Goal of the exercise - Beginning with the line containing "Used 2019 Lincoln" and ending with the line containing "Building Photo - 5902 Carolina Manor Ct", write out each line of the records below exactly; pictures and lines outside that range are left out.

Data section -
==========

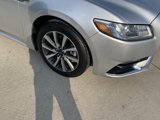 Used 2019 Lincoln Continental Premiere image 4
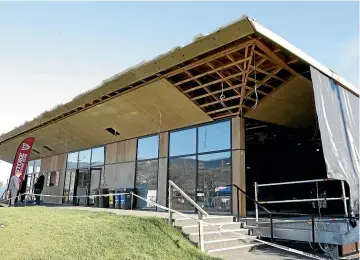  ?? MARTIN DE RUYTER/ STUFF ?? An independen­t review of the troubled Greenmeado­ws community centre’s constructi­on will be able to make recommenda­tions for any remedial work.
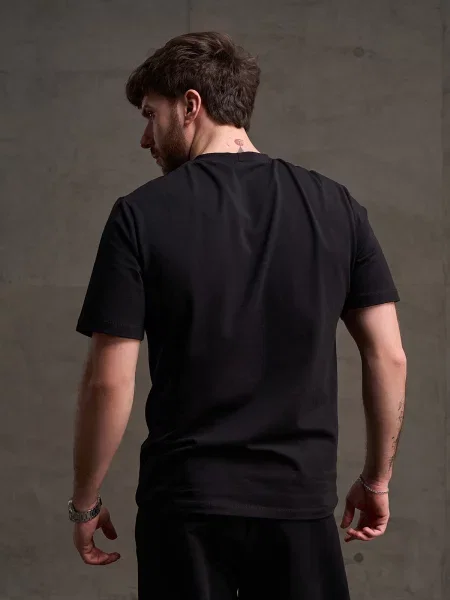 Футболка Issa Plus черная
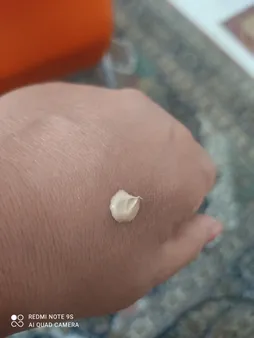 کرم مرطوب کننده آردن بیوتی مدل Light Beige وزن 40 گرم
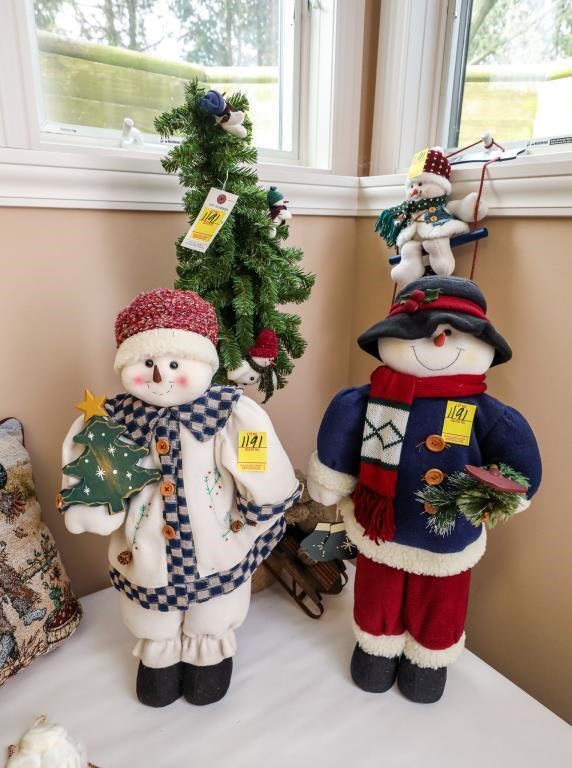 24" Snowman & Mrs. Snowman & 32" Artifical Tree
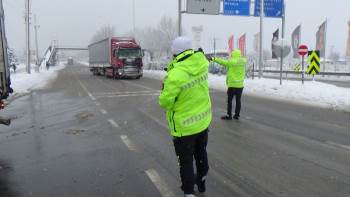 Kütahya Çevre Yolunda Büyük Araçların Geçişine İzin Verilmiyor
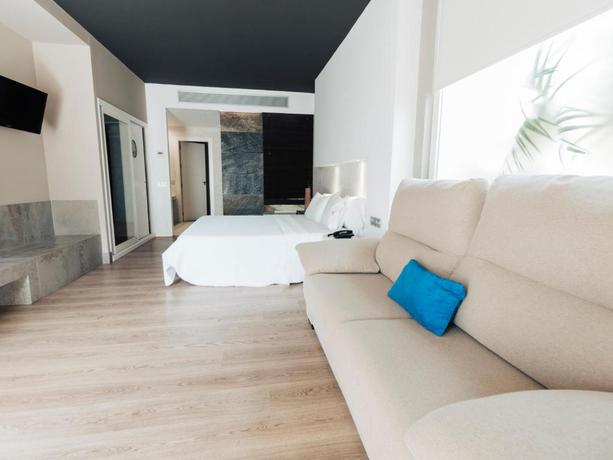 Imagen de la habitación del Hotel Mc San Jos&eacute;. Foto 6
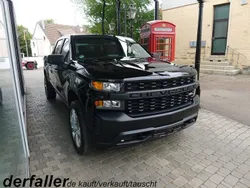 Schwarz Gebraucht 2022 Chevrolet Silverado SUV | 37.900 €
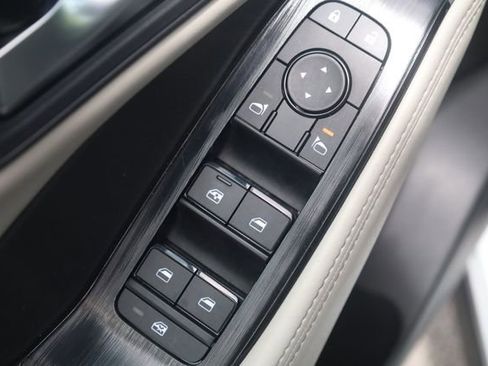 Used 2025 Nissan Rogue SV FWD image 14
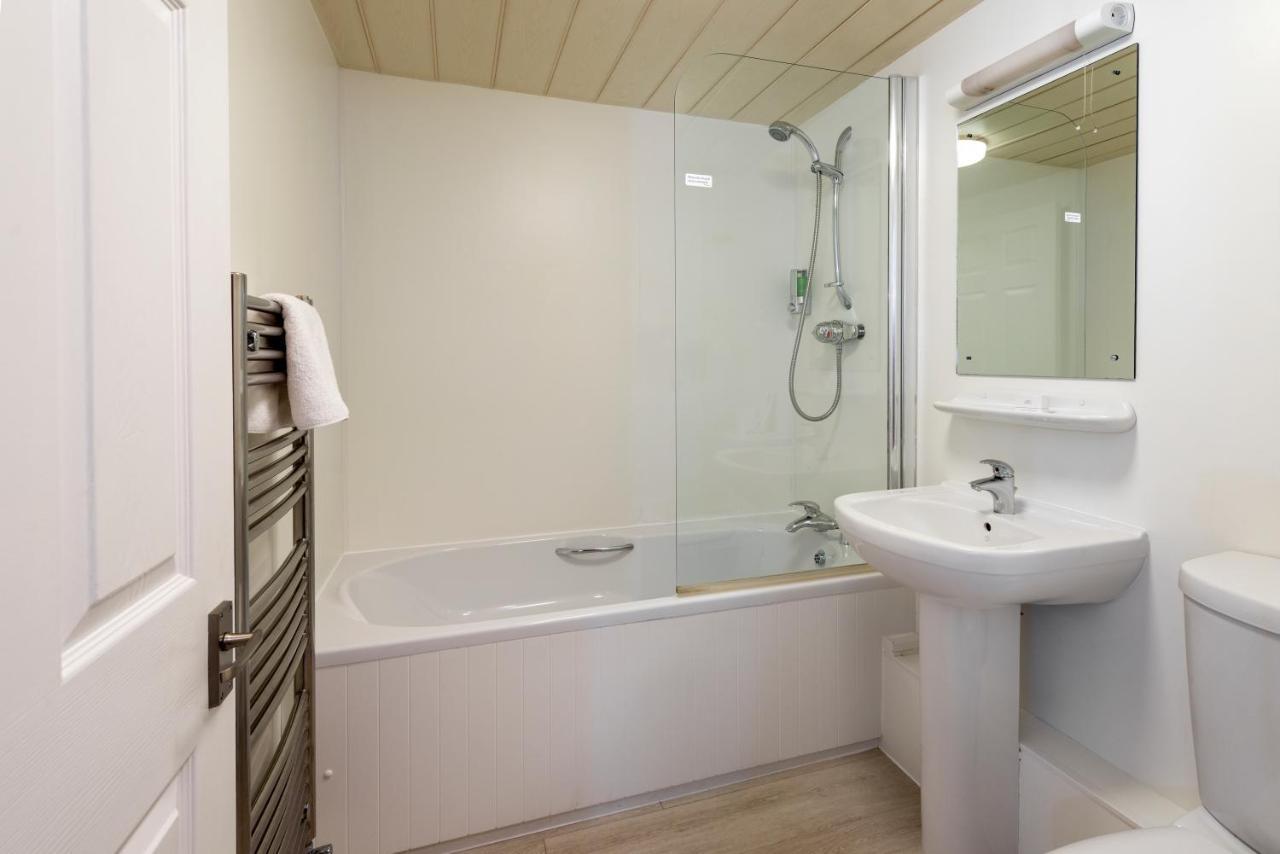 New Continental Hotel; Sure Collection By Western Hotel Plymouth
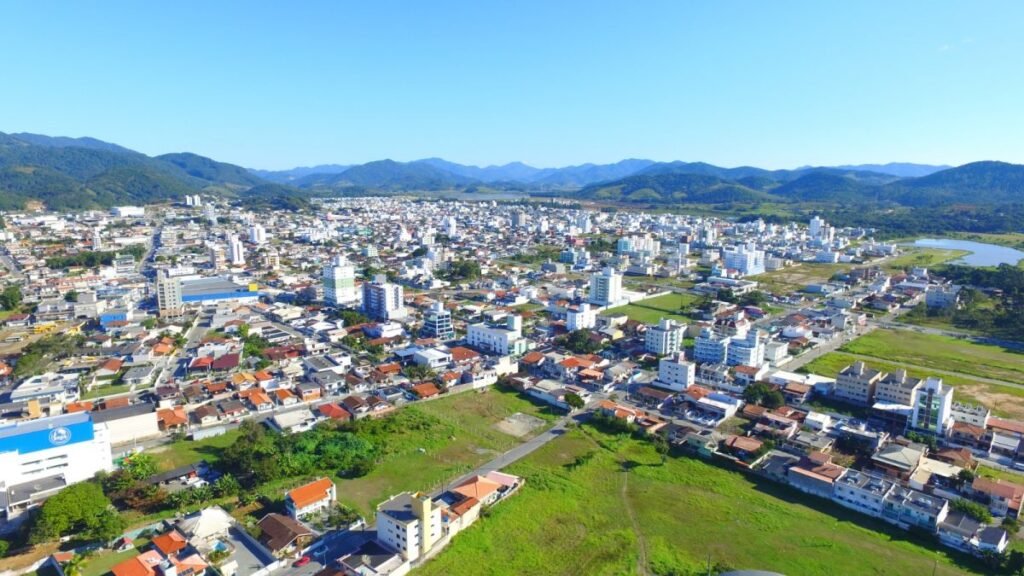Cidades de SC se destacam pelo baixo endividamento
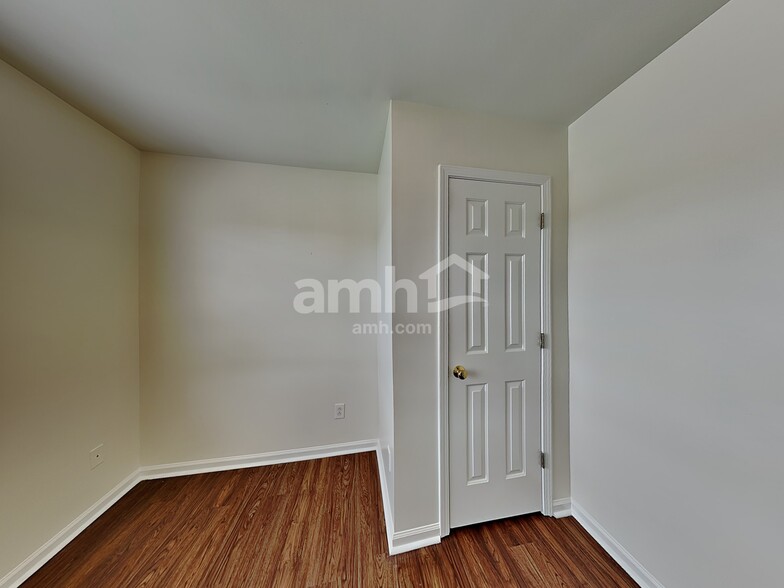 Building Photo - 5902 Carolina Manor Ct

==========

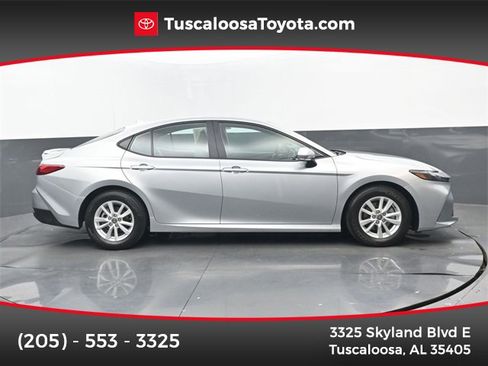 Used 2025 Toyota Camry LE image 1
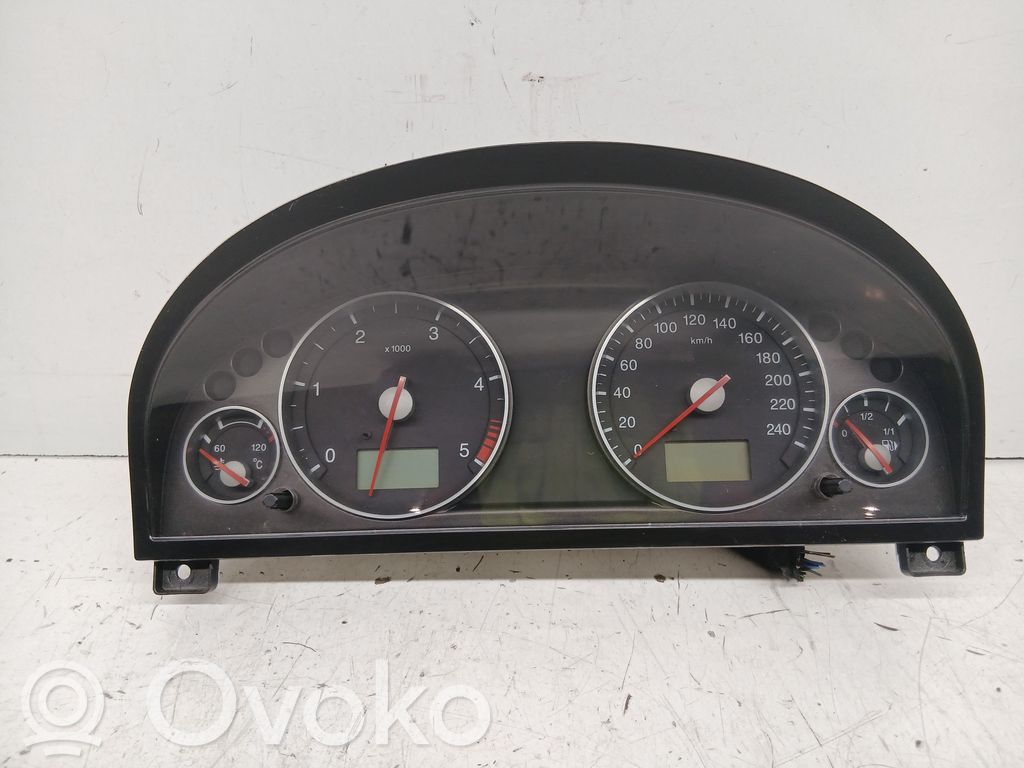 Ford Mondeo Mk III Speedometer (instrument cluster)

==========

Result of this task -
 Used 2019 Lincoln Continental Premiere image 4
  ?? MARTIN DE RUYTER/ STUFF ?? An independen­t review of the troubled Greenmeado­ws community centre’s constructi­on will be able to make recommenda­tions for any remedial work.
 Футболка Issa Plus черная
 کرم مرطوب کننده آردن بیوتی مدل Light Beige وزن 40 گرم
 24" Snowman & Mrs. Snowman & 32" Artifical Tree
 Kütahya Çevre Yolunda Büyük Araçların Geçişine İzin Verilmiyor
 Imagen de la habitación del Hotel Mc San Jos&eacute;. Foto 6
 Schwarz Gebraucht 2022 Chevrolet Silverado SUV | 37.900 €
 Used 2025 Nissan Rogue SV FWD image 14
 New Continental Hotel; Sure Collection By Western Hotel Plymouth
Cidades de SC se destacam pelo baixo endividamento
 Building Photo - 5902 Carolina Manor Ct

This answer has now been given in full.